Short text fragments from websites
⟨

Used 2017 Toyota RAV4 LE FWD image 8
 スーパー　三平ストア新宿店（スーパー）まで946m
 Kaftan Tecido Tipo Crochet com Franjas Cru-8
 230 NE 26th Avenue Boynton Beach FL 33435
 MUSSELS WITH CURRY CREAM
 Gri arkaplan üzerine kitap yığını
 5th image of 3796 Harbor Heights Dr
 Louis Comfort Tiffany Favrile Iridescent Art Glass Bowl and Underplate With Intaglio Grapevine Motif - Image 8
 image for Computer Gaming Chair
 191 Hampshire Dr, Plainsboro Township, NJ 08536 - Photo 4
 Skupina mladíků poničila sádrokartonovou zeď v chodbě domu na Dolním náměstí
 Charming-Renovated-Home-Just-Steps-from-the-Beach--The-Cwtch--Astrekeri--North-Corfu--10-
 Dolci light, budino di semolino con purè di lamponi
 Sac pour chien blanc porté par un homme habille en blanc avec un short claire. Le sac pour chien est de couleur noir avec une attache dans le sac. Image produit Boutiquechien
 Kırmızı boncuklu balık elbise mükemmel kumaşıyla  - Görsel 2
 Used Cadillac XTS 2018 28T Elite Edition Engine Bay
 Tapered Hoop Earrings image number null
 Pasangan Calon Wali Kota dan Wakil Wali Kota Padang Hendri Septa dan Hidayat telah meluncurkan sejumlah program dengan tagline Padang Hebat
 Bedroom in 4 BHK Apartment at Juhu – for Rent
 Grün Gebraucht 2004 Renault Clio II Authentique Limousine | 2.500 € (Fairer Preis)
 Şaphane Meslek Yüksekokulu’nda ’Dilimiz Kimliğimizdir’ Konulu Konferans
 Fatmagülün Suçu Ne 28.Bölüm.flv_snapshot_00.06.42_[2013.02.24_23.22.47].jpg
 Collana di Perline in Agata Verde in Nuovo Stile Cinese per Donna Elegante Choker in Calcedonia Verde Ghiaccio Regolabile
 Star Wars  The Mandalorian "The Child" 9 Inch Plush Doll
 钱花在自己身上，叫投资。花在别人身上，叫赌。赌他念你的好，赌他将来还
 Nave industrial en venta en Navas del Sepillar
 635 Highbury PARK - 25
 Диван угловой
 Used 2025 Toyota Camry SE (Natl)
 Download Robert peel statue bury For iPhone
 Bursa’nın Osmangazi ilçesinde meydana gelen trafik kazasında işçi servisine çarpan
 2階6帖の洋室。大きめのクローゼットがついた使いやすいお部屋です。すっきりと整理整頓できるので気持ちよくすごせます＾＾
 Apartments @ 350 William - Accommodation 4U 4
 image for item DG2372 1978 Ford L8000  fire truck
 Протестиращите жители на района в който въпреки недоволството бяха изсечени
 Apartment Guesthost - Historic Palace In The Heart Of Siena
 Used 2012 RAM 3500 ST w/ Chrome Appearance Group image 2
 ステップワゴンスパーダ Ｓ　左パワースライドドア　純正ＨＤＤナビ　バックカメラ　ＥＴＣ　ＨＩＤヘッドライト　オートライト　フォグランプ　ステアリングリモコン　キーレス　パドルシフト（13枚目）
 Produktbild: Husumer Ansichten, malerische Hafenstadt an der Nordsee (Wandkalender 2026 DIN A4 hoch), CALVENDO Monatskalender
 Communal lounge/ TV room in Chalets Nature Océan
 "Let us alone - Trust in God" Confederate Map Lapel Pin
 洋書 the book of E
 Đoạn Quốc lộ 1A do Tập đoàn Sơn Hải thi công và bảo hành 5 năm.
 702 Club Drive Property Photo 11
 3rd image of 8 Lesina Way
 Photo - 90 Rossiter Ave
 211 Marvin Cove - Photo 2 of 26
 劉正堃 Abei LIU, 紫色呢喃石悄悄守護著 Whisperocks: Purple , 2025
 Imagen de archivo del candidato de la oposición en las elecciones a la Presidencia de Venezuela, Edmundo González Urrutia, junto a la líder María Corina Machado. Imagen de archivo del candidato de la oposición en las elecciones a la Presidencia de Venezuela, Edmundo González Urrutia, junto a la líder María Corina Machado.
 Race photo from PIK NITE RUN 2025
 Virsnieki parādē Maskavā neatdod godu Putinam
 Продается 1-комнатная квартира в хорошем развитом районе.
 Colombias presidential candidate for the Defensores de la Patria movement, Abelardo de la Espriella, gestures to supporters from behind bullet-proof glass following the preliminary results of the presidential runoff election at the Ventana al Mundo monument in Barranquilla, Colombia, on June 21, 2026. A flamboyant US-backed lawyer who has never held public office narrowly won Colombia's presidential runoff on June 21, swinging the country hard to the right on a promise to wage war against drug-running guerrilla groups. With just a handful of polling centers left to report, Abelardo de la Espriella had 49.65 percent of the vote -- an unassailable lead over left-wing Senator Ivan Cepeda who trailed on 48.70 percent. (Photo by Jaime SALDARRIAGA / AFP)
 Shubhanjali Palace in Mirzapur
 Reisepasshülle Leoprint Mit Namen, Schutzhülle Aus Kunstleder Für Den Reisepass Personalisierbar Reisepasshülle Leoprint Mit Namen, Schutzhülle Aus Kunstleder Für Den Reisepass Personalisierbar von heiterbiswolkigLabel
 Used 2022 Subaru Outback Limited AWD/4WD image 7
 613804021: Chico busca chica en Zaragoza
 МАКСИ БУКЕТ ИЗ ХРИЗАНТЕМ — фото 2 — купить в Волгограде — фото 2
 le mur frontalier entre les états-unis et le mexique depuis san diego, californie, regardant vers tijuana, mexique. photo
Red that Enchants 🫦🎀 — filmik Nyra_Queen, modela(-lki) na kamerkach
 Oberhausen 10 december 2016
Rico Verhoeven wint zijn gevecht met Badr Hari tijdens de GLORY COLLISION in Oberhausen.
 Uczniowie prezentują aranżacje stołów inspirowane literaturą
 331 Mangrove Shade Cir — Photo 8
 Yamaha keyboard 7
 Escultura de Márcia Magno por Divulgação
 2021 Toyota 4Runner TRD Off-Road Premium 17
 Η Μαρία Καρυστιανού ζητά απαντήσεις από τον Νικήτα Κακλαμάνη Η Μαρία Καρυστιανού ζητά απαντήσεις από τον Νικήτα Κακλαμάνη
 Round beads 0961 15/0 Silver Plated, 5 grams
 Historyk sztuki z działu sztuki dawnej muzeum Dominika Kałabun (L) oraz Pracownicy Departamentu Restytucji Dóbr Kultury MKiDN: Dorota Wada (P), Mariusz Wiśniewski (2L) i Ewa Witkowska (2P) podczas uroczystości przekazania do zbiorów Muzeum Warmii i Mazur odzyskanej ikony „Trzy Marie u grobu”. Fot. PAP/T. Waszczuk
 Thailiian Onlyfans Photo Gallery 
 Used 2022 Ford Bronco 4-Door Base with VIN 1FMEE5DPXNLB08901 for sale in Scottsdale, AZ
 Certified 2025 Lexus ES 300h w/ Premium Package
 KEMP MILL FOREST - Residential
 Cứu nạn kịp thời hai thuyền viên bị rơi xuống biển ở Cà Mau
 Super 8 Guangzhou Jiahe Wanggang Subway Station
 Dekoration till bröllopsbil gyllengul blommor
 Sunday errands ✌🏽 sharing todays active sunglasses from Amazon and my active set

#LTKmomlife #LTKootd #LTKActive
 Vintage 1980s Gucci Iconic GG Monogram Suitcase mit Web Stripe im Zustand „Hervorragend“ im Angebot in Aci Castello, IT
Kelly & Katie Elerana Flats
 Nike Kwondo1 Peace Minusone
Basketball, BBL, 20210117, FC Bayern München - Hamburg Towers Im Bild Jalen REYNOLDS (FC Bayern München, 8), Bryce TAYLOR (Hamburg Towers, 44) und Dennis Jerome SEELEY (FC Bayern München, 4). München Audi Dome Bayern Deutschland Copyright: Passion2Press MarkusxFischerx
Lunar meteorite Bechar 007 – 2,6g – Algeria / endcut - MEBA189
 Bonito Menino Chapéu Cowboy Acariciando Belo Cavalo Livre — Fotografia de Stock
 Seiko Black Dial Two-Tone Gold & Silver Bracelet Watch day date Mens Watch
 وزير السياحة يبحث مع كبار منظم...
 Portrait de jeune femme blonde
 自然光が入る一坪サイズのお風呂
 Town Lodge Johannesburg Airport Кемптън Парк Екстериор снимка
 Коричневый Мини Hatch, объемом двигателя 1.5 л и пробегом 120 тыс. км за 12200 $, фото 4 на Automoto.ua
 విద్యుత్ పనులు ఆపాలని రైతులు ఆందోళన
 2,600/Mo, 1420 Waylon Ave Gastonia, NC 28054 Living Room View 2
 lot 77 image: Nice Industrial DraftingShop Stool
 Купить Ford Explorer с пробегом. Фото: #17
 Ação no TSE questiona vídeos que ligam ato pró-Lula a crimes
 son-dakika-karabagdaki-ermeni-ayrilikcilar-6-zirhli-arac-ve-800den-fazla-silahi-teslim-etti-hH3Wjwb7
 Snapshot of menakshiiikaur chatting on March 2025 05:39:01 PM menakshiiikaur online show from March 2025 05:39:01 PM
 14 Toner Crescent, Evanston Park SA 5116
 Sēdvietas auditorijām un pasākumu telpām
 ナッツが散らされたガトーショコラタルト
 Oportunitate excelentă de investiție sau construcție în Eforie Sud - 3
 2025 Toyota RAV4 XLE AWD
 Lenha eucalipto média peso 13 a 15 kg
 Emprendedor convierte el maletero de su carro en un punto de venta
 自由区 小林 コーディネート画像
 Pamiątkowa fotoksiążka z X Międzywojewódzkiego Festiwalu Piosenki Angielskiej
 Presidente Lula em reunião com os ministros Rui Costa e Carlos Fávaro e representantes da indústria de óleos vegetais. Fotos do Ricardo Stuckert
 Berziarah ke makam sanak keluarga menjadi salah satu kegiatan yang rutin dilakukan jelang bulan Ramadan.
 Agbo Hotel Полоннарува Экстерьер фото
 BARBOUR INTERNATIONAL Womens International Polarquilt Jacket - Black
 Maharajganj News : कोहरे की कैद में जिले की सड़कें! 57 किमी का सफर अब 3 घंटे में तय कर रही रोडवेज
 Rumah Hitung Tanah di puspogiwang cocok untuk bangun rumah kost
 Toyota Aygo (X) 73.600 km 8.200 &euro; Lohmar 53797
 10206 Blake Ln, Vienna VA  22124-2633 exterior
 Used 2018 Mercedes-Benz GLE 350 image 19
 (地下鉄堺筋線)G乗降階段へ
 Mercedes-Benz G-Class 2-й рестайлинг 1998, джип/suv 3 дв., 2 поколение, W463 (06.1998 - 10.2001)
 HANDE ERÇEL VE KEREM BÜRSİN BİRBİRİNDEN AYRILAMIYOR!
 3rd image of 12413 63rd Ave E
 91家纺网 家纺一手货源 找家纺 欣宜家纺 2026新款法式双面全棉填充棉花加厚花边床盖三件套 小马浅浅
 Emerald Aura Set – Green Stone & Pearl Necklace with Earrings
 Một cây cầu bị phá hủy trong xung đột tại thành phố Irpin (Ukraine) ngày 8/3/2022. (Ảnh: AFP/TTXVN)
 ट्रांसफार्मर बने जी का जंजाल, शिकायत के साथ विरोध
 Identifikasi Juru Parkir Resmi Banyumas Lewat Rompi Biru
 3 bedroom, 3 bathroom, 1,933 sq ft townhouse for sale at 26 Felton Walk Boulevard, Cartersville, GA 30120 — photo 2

⟩

* _Your goal_
The answer must be every line of the data that holds the word "Oberhausen".

* _Answer for this exercise_
 Oberhausen 10 december 2016
Rico Verhoeven wint zijn gevecht met Badr Hari tijdens de GLORY COLLISION in Oberhausen.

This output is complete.